Operation of an ion trap to achieve the above and other objects of the invention will be clearly understood when the following description is read in conjunction with the accompanying drawings of which:
FIG. 1 is a simplified schematic of a quadrupole ion trap mass spectrometer along with a block diagram of associated electrical circuits for operating the mass spectrometer in accordance with the invention.
FIG. 2 is the stability envelope for the ion trap of the mass spectrometer shown in FIG. 1.
FIG. 3 is a mass spectrum of the peptide Angiotensin I obtained using the mass selective instability mode with resonance ejection. The resonance ejection frequency was 146,761 Hz and the bandpass of the electrometer was 15 kHz. The base peak is a doubly charged ion of m/z 649.2, but ions of this m/z also produce a ghost peak as they are ejected at the edge of the stability diagram.

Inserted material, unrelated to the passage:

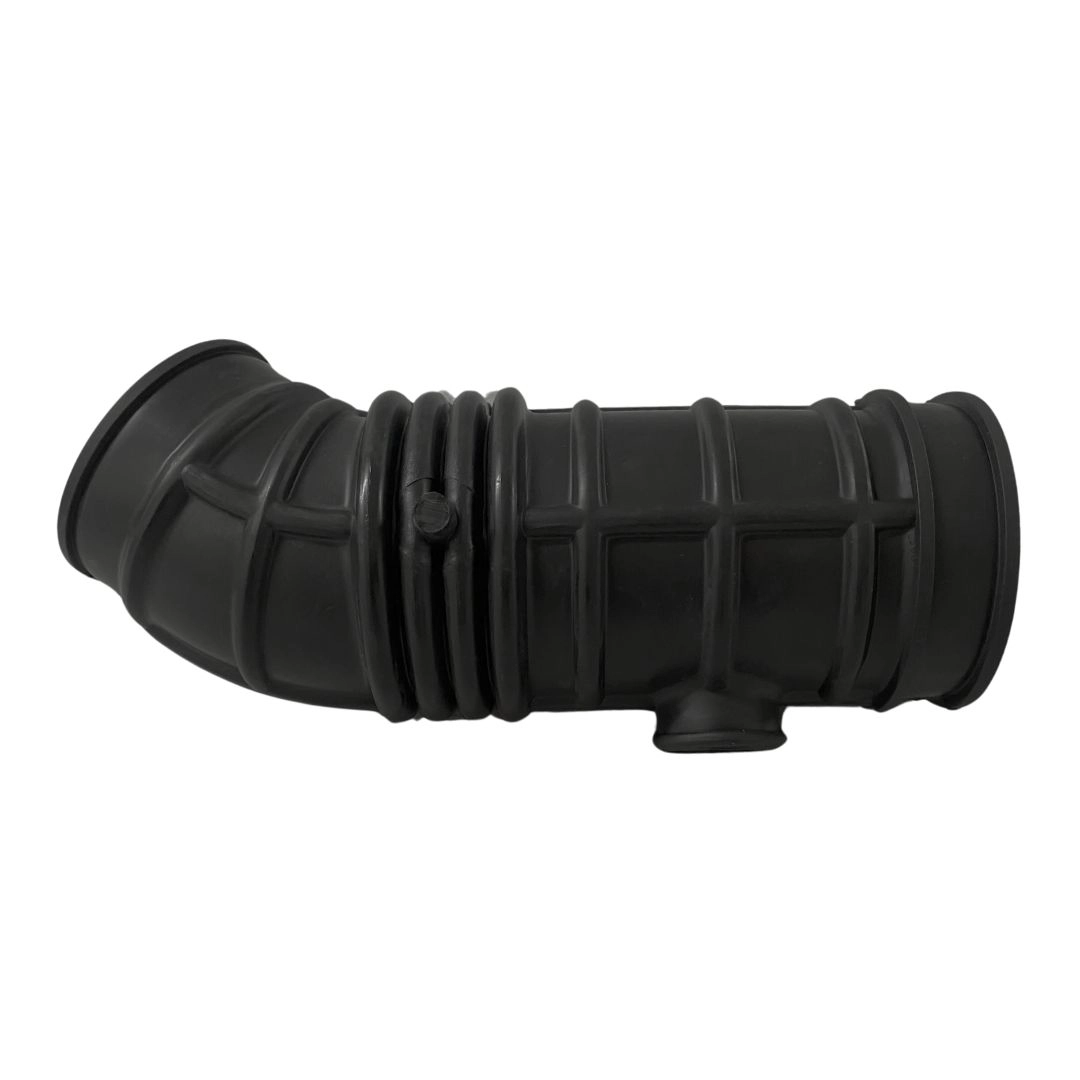 Mangueira Filtro Ar Para Astra e Astra Wagon 1995 a 1996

FIG. 4 shows the frequency response of the electrometers used to acquire the mass spectra.
FIG. 5 shows a mass spectrum of the peptide Angiotensin I, as observed using a resonance ejection frequency of 50,000 kHz and a high band-width electrometer to observe the fine structure of the peaks. The peak at m/z 648 is a resonance ejection peak, and the peak at m/z 1295 results from ejection at the edge of the stability diagram.
FIG. 6a shows the frequency spectrum of the m/z 1295 peak of FIG. 5, and FIG. 6b shows the frequency spectrum of the m/z 648 peak. The frequency spectra were obtained by the Fourier transform of the two peaks in FIG. 5.
FIG. 7a shows the mass spectrum of FIG. 5, FIG. 7b shows the result of filtering FIG. 7a with a 15 kHz low-pass filter, and FIG. 7c shows the result of the 50 kHz demodulation procedure described in the text.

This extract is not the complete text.